My command remained in the same position as before the action, until I was ordered by you to relieve a part of Wood's division toward our left on the 2nd of July. That night the enemy evacuated their position at Kenesaw Mountain, and on the 3rd the brigade marched with the division through Marietta and bivouacked near the railroad about four miles south of that place. During the day of the 4th of July my command was engaged in hotly skirmishing with the enemy, who retired during the night, and on the 5th the march was continued to Vining's Station, near which place my command was bivouacked between the railroad and the Chattahoochee River.

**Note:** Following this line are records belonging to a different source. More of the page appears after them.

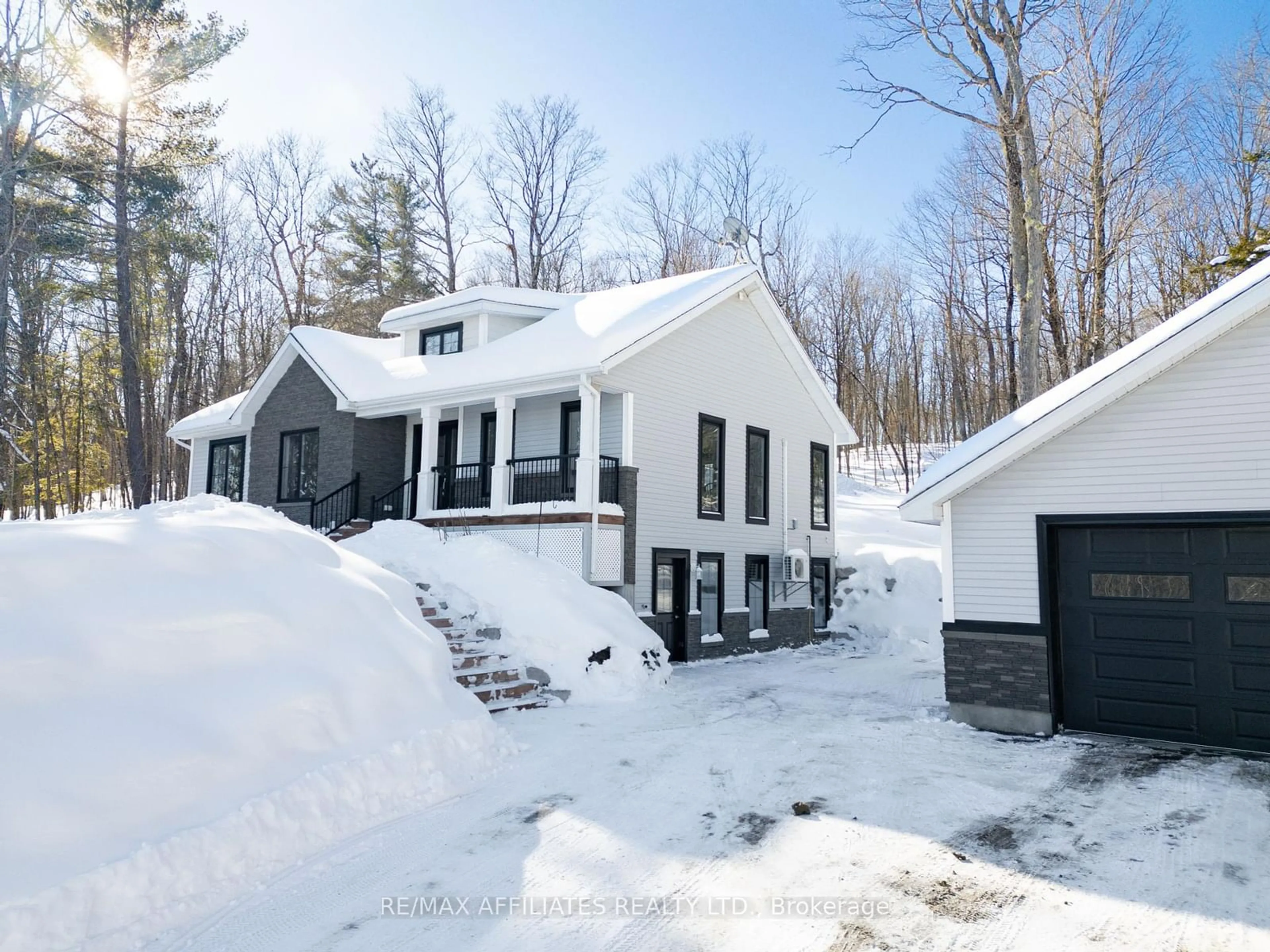 A pic from outside/outdoor area/front of a property/back of a property/a pic from drone, street for 174 Markle Rd, Lanark Highlands Ontario K0G 1K0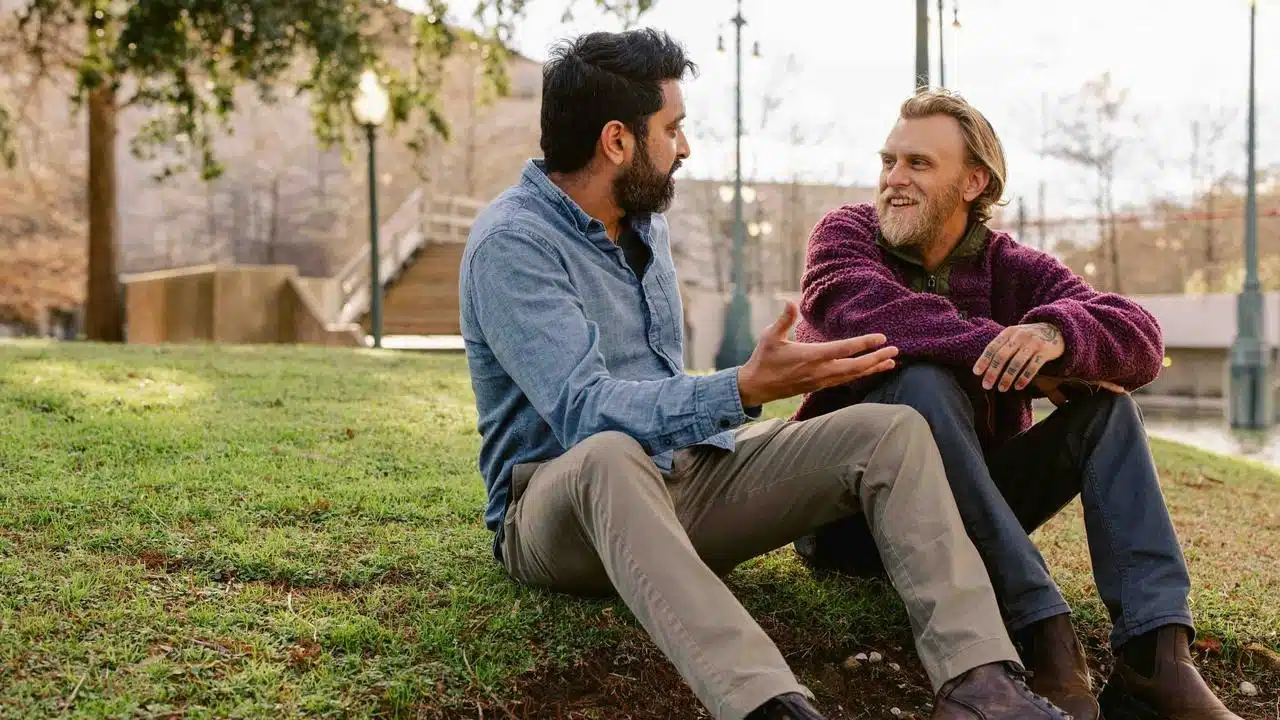 A man gesturing as he talks to another man while they sit on grass in a park.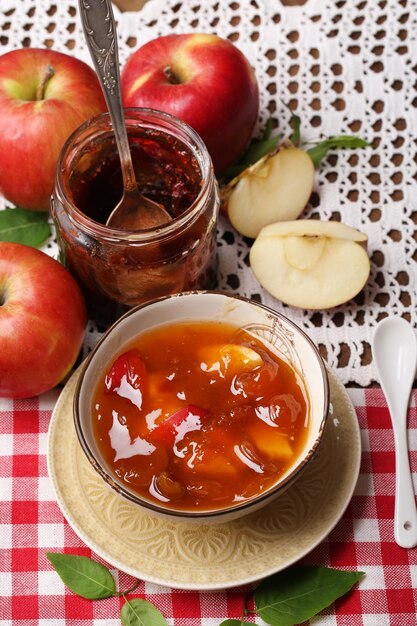 Marmellata di mele e mele rosse fresche sul primo piano della tavola di legno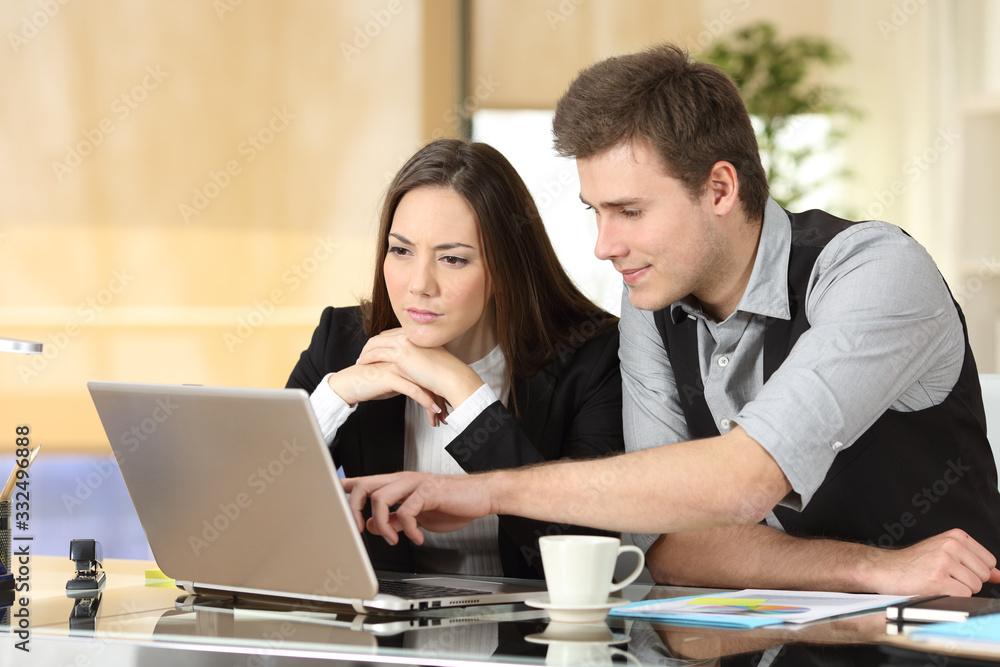 Coworkers working together checking laptop content Coworkers working together checking laptop content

On the 6th the division was moved to a position along the southerly bank of the Rottenwood Creek, where I was bivouacked on the left of the line, and there remained until the 9th; on that day my brigade marched to Roswell Factory, forded the Chattahoochee River, and intrenched in a position on the south side of it, where the command remained until the 11th, when, being relieved by a part of the Sixteenth Army Corps, I was ordered by you to recross the river and bivouacked on the north side. On the 12th the command marched back to the old position on Rottenwood Creek, and on the morning of the 13th again crossed the Chattahoochee River on the pontoon bridges at Powers' Ferry, and went into position about two miles from the river at the forks of the main road, my brigade on the left, and retired from the main line, where it fortified and remained until surprise the morning of the 18th, when the march was commenced toward Atlanta on the Buck Head road. My brigade was bivouacked that night on the left of the road at Buck Head. By your order I detailed the Seventy-fourth Illinois and the Twenty-fourth Wisconsin Infantry Regiments to make a reconnaissance toward Peach Tree Creek on the Decatur road, which movement was made at early dawn the 19th, and developed the fact that the rebel infantry in that vicinity had retired to the south side of Peach Tree Creek.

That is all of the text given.